A variety of different decor styles emerged throughout the 20th century. While it’s common to conflate modern, mid-century modern, and contemporary decor with each other, these aesthetic styles are each, in fact, quite unique. Mid-century modern is one o·f the most challenging types of decor styles to nail down, which makes the thrill of pulling off a truly mid-century bathroom all the more alluring. In this guide, we’ll introduce you to some of the elements of mid-century modern decor and give you some clues regarding the materials you’ll need if you want to incorporate this style into your new bathroom design.
Keep It Functional
During the first few decades of the 20th century, a new form of philosophy came to the fore: modernism. This philosophical approach starkly separated itself from the romanticism of the past and embraced the recent achievements in the scientific sector with the maxim “form follows function.”
To the modernists, the true orienting meaning of each form was its underlying function; therefore, the meaning of a chair was “to sit,” the meaning of a bathtub was “to bathe,” and so on. Therefore, each type of modern decor sought to eliminate the seemingly meaningless frivolity of complex craftsmanship and iconography and replace these antiquated elements with the purely functional.
Mid-century modern decor differs somewhat from purely modern decor in that it seeks to incorporate older styles into this functional aesthetic. While obvious ornamentation and excessive, busy lines are still taboo in mid-century modern decor, this decoration style relies more on traditional materials than modern decor. In short, this type of decor strives for the future by transforming the elements of the past.
Aim for Sleek Lines
Purely modern and mid-century modern decor share an emphasis on sleek lines. For instance, it’s common to see heavy mid-century modern furniture that’s supported by tiny legs, and both the egg chair style and the skinny pedestal dining table came into style with the advent of the modern decor movement.
Where mid-century modern decor and purely modern decor differ, however, is in their incorporation of traditional materials in pursuit of these sleek and minimalist furniture silhouettes. Pure modern decor, for instance, relies almost entirely on synthetic materials, but mid-century home designers were content to adapt the English club chair into a more lightweight and curvaceous design that still incorporated many of the luxurious aspects of this type of seating.

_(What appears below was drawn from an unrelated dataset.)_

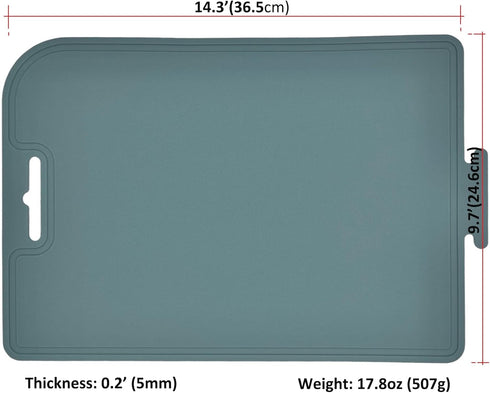 Thick Silicone Double-Sided Cutting Board, Korean Made, 14.3" x 9.7", Foldable Design, Dishwasher Safe, 1PCS (Mint)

However you choose to incorporate the teachings of mid-century modern decor into your bathroom, make sure that all of the elements in this space flow into each other. Your shower enclosure should blend seamlessly into the walls surrounding it, and you can achieve this effect by extending your shower tiles all the way to the backsplash of your vanity. The silvery shine of your frameless mirror should bring out the brightness of your chrome faucets and towel hooks, and so on.
Don’t Go Overboard with Accessories
Stark simplicity is the hallmark of purely modern decor, and mid-century modern decor also evokes this ideal to some extent. It’s certainly best to err on the side of being spartan than to go overboard with extra features and accessories in your bathroom, but evoking mid-century decor gives you a bit more freedom to integrate antiquated elements into your bathroom’s aesthetic.

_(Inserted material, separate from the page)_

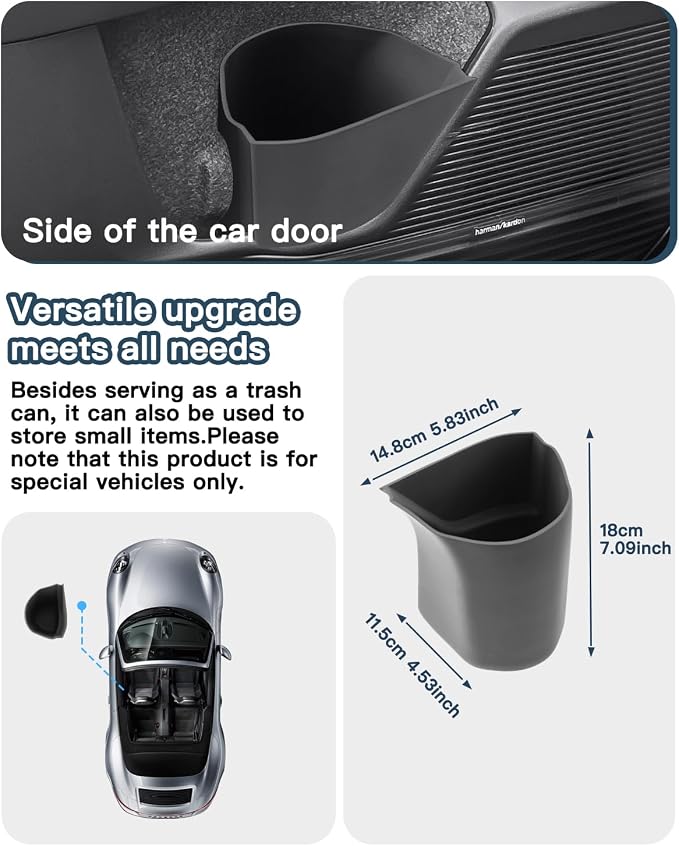 Ruiya Door Trash Can Compatible with 2026 Subaru Outback All Trims Driver Side Left Door Pocket Silicone Garbage Bin 2026 Outback Accessories Organizer Wastebasket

For instance, you might want to set up a 19th-century razor stand, or you might also find a Victorian-era soap dish to be appropriate. Whatever you do, just make sure that your accessories don’t take away from the stark lines and flowing appearance of your bathroom; experiment with different accessories until you find the perfect balance between empty and overflowing.
Remember that absolute cleanliness is a vital aspect of modern decor. You’ll need to find adequate cubby holes for storing all of your toiletries out of sight, and you’ll need to clean any glass elements daily.
Mix the Traditional and the Modern
It’s a common misconception that mid-century modern style is entirely devoid of traditional elements. In fact, the modernist designers in Scandinavia did their best to integrate the traditional forms of chairmaking and furniture crafting that had been part of their lineage for hundreds of years.
However, mid-century modern decor is anything but strictly traditional. You’ll also need to incorporate plenty of fresh, contemporary forms into your newly-renovated bathroom if you want to truly capture this particular interior design style. For instance, you might want to truly evoke the mid-century modern style by installing a vanity that’s supported with a tiny pedestal but top it with a hammered copper vessel sink.
Use Contrasting Materials
Everywhere throughout your new bathroom, make sure to evoke the spirit of mid-century modern style by mixing different types of materials. The first few decades of the 20th century brought with them significant engineering and manufacturing achievements, and this overarching theme of the times incentivized interior designers to utilize these new materials to the fullest extent possible.
For instance, fiberglass, polyurethane foam, nylon-based plastics, and a number of innovative materials burst onto the scene during the 1940s and 1950s. For the first time, architects and interior designers were liberated from traditional materials, such as hardwood, stone, and porcelain, and they became able to craft entirely new looks.
Modernist interior designers who entirely abandoned the forms of the past, however, were few and far between. Instead, mid-century modern style is all about combining old and new materials to fully evoke the contrast between the past and the future. One of the best ways to evoke this aesthetic in your bathroom is to mix high-quality traditional materials, such as hardwood, with cheaper new substances, like fiberglass. You may even want to throw in a few chrome elements to make your bathroom truly shine with the wave of the future.